義兄と結婚生活を始めます
翌朝、あおいはいつも通りに起きて、朝食の準備を始める。
しばらくして、カッターシャツにネクタイをつけた和真がリビングへやってきた。


「休日なのですから、寝ていてください」

「なんだか習慣になってるみたいで…おはようございます!」

「…おはようございます」


笑顔で和真へ挨拶すると、食卓へ朝食の品を並べていく。
もちろん、あおいの分もあった。


「いただきます」


手を合わせてから食べ始めるが、和真はなかなか動かない。
不思議そうに見ていたあおいは、ハッと気づく。


(もしかして本当に朝食いらなかった!?)


おそるおそる和真を見て、聞いてみた。


「すみません…朝食…いらなかったですか…?」

「いえ、朝食が出てくるとは思っていなかったので。いただきます」


同じように手を合わせると、食事を始めた。
食べてくれたことに安堵したものの、どっちの意味で捉えればいいのかわからなかったあおい。
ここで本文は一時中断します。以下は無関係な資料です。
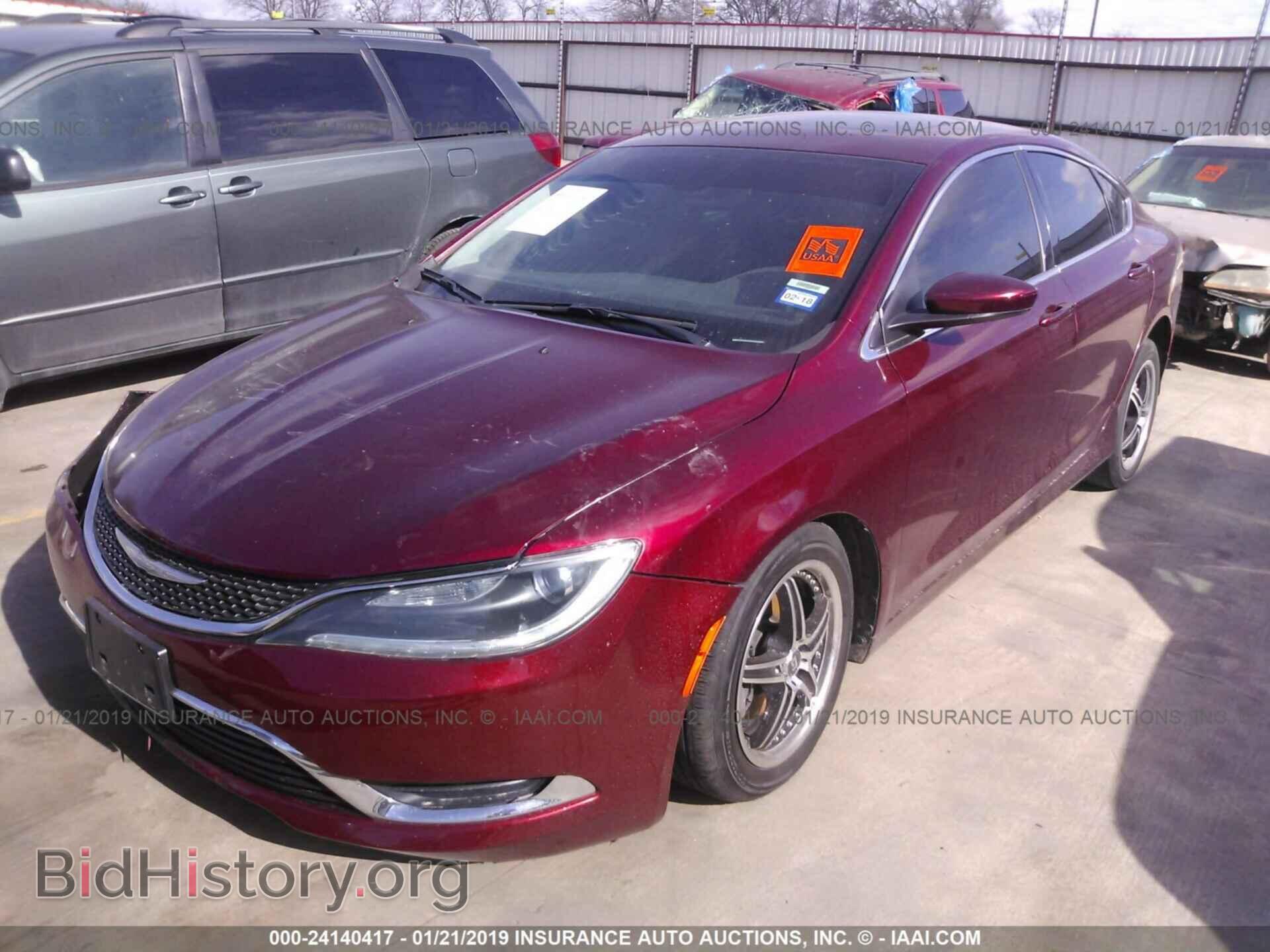 2015 CHRYSLER 200 - VIN: 1C3CCCAB3FN704473 - Photo 2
しかし、和真の最初に一言を思い返して、一つの考えが浮かんだ。


(…もしかして、学校がないから寝てていいってことだったのかな…)


なんとなく答えを聞くのも違う気がして、そのままにした。
そして、あおいが先に食事を終えると、すぐにケトルでお湯を沸かし始める。


「ごちそうさまでした」


入れていた水は少量だったため、和真が食べ終えた頃には、熱い湯になっていた。
パタパタと動くあおいは食器棚からマグカップを取ろうと手を伸ばしたが、和真がその手を掴んで止める。


「慌てなくても、出る時間までまだあります」

「あ…はい…」


パッと手を離した和真は、リビングへ戻り、タブレット端末を操作し始めた。
顔を赤くするあおいは、恥ずかしいやら反省やら…と、さまざまな感情が押し寄せてきたため、一度深呼吸をした。
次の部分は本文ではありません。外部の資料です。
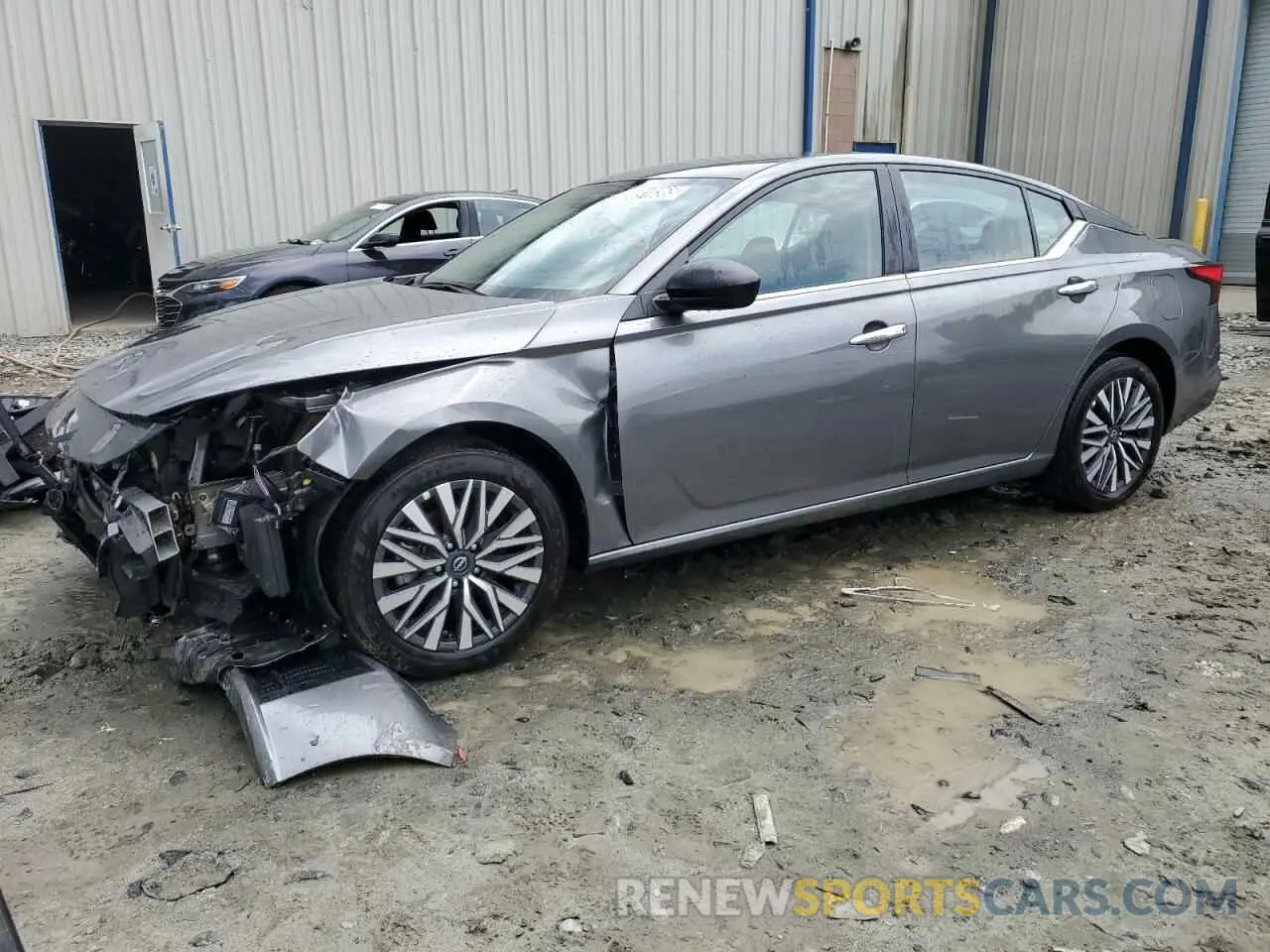 1 Photograph of a damaged car 1N4BL4DV5RN431176 NISSAN ALTIMA 2024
そして、改めて落ち着いた自分を確認すると、ゆっくりとコーヒーを淹れていく。
二人の間には、会話の代わりに朝の穏やかな時間とコーヒーの香りが包んだ。

和真の元へコーヒーを運び、キッチンへ戻ると使った食器の後片付けをしていった。
ようやく和真が出る時間が来たようで、鞄を持って立ち上がる。


和真のあとに続いて一緒に玄関へ向かった。
靴べらを使ってくつを履けば、後ろにいたあおいに振り返った。


「いってらっしゃい、です」

「はい、行ってきます」


笑顔で見送ってくれるあおいに返事をして、自宅を後にする。
和真がいなくなった家で、片付けと勉強に勤しもうと、あおいはやる気を出した。